WHAT YOU ARE ASKED TO DO:
Everything from the line with "电子级聚（4-乙烯基苯酚）/PHS树脂" to the final line of the entries, both included, should be restated word for word; please omit the pictures.
=====
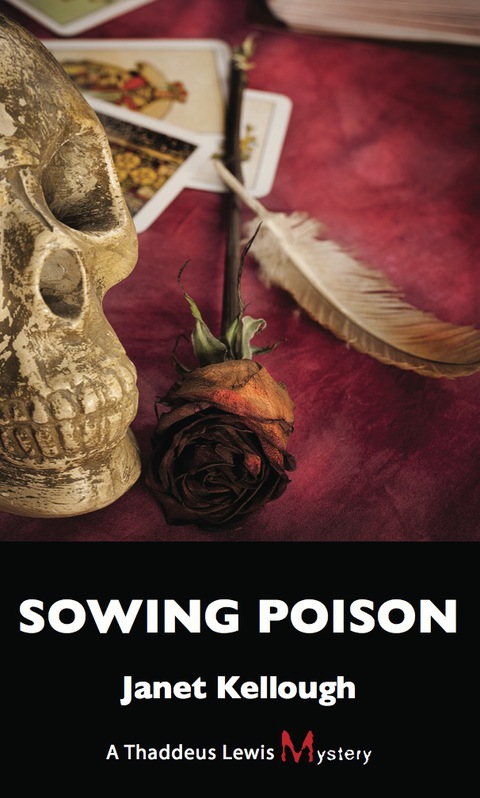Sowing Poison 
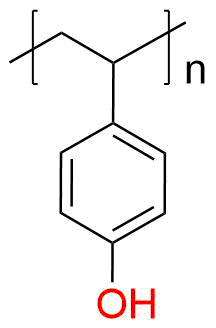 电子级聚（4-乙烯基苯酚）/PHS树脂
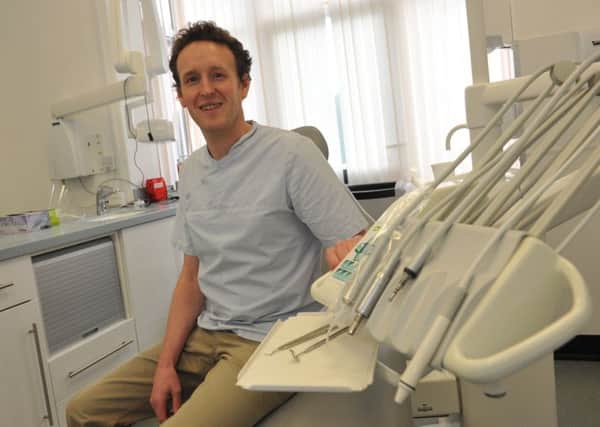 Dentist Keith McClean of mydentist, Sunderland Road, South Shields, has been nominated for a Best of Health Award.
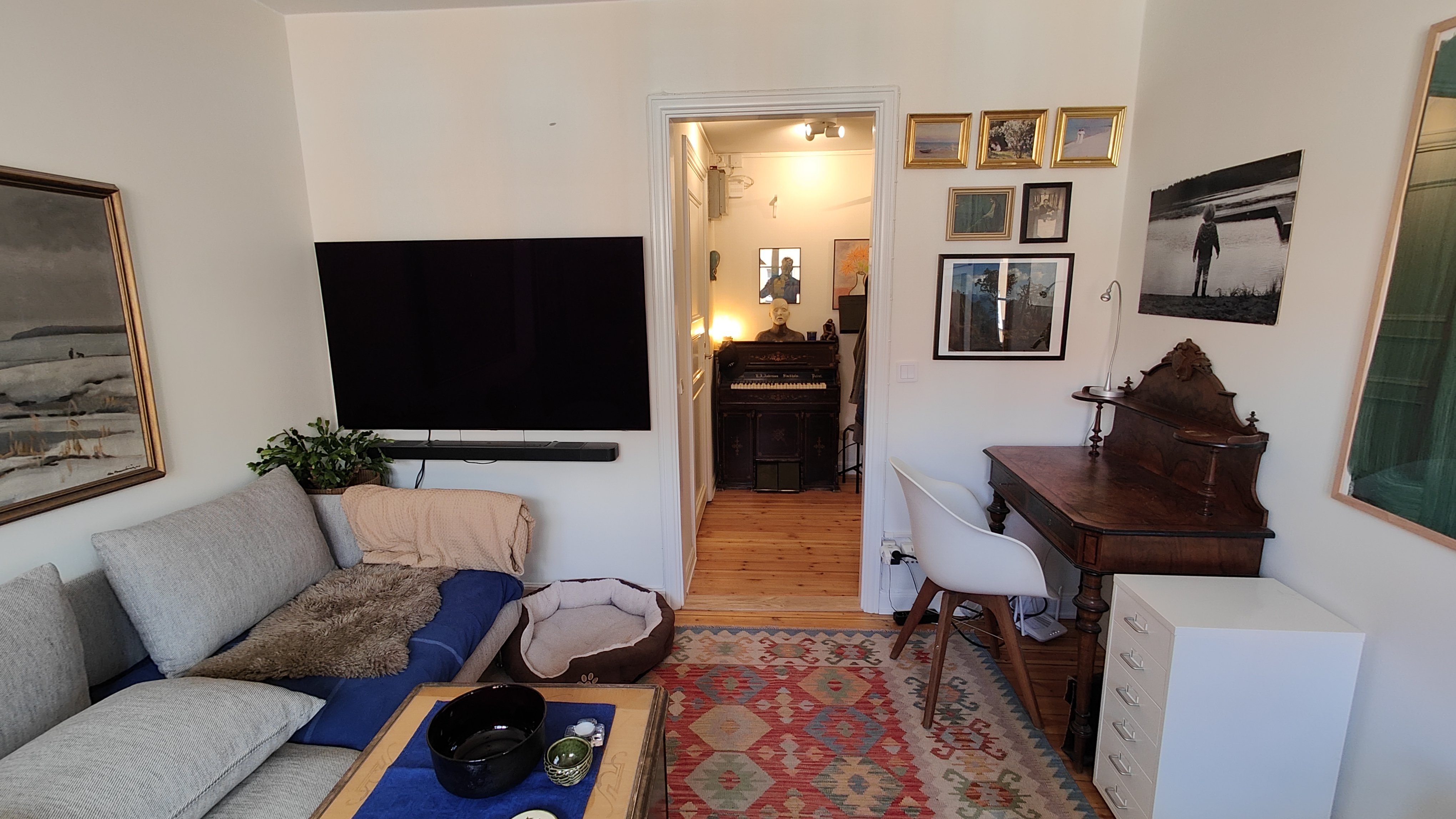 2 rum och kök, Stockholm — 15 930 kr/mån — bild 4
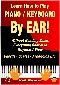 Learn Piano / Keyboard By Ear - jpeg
=====
TASK RESPONSE:
 电子级聚（4-乙烯基苯酚）/PHS树脂
 Dentist Keith McClean of mydentist, Sunderland Road, South Shields, has been nominated for a Best of Health Award.
 2 rum och kök, Stockholm — 15 930 kr/mån — bild 4
 Learn Piano / Keyboard By Ear - jpeg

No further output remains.